Ce que sera l’assurance islamique au Maroc.

Tous les métiers de l’assurance seront ouverts d’entrée de jeu aux opérateurs Takaful. 
Le modèle économique prévu permettra d’équilibrer le jeu en matière de tarifs par rapport à l’assurance conventionnelle. Les excédents techniques et financiers seront répartis entre les clients.



Alors que tout laissait penser que l’élaboration du cadre réglementaire de l’assurance islamique, dite Takaful, allait prendre son temps, le chantier semble plutôt lancé sur les chapeaux de roues. En effet, le régulateur du secteur des assurances (ACAPS) a transmis aux professionnels, depuis quelques semaines déjà, une première mouture bien dense de ce cadre (une circulaire et un arrêté), dont La Vie éco a pu avoir la primeur.

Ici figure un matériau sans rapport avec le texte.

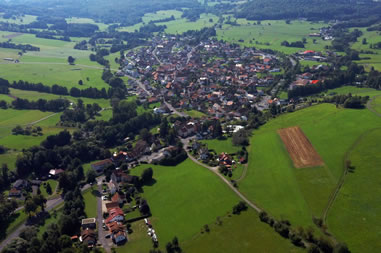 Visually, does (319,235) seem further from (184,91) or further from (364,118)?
(184,91)

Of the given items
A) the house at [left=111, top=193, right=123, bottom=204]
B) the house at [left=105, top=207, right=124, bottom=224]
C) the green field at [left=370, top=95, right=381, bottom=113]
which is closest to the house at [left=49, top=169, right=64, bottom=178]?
the house at [left=111, top=193, right=123, bottom=204]

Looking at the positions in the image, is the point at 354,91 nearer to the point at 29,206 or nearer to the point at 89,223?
the point at 89,223

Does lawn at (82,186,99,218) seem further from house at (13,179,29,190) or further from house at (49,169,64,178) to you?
house at (13,179,29,190)

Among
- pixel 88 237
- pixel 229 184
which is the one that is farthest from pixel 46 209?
pixel 229 184

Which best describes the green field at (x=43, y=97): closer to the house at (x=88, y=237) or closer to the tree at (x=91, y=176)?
the tree at (x=91, y=176)

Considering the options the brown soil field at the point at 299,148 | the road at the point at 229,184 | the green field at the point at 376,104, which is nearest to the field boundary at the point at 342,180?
the brown soil field at the point at 299,148

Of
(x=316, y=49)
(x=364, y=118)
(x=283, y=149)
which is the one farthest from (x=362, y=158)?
(x=316, y=49) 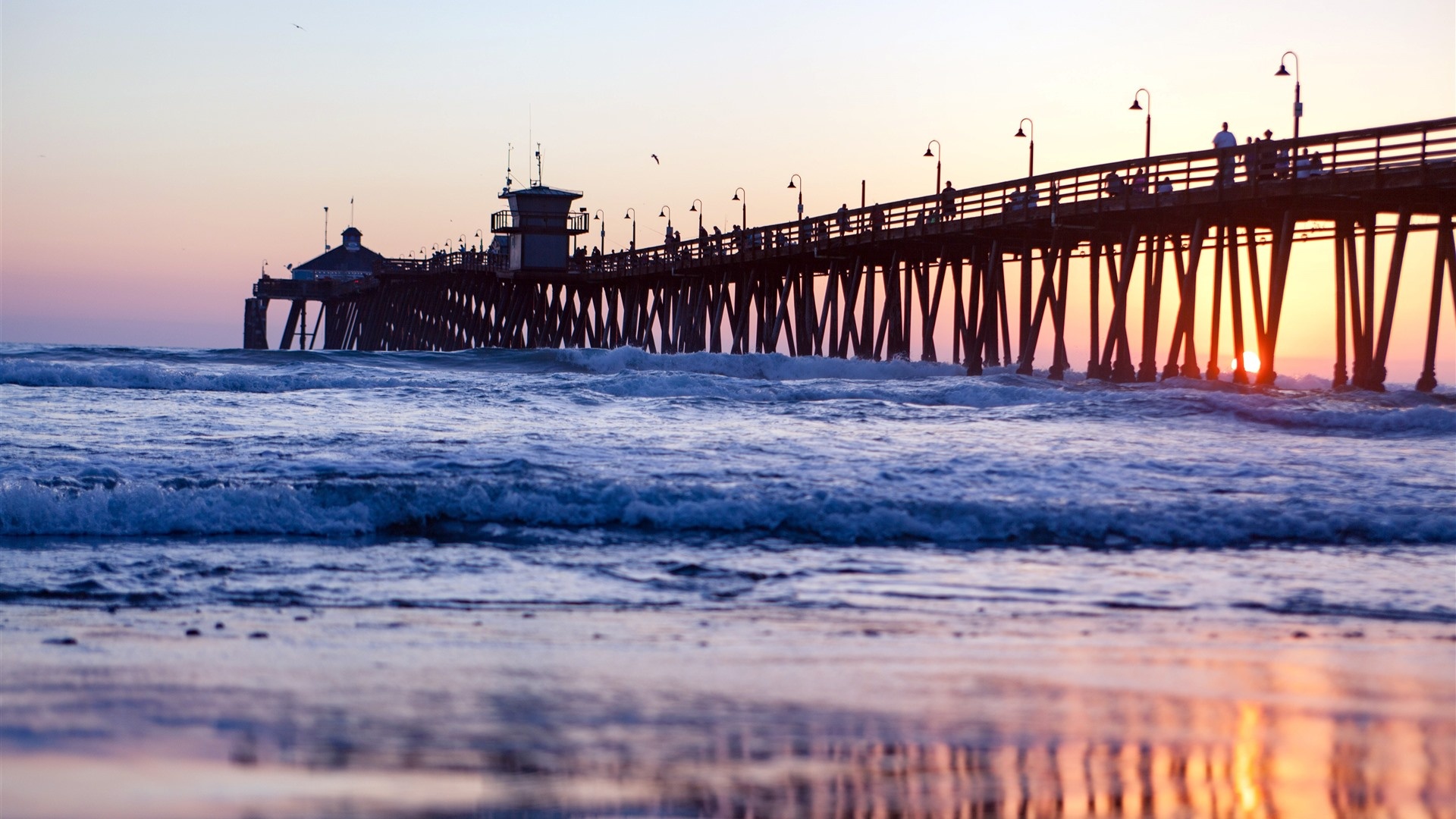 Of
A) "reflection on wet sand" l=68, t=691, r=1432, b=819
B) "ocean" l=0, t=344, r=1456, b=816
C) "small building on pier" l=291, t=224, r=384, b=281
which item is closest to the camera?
"reflection on wet sand" l=68, t=691, r=1432, b=819

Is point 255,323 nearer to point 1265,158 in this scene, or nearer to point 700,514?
point 1265,158

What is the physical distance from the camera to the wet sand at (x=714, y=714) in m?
3.29

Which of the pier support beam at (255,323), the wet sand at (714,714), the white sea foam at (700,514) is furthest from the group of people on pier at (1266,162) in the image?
the pier support beam at (255,323)

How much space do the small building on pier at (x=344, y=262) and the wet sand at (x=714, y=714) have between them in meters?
89.4

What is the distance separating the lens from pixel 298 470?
32.8ft

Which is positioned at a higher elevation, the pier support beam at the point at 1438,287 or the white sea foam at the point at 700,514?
the pier support beam at the point at 1438,287

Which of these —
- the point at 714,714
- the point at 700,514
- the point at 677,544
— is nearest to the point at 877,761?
the point at 714,714

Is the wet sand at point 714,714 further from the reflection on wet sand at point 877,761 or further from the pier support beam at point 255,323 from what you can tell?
the pier support beam at point 255,323

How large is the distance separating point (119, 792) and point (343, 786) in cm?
48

Depuis, les discussions pour affiner ce premier jet ont bien avancé entre les parties, qui pourraient même boucler leurs concertations ce mois de septembre. 
 
Pour autant, quelques semaines seront encore nécessaires avant que les solutions d’assurance participative n’arrivent effectivement sur le marché, le temps que le Conseil supérieur des oulémas labellise le cadre réglementaire, que les opérateurs soient agréés… Dans le meilleur des cas, tout cela devrait se faire d’ici mars prochain, selon les professionnels.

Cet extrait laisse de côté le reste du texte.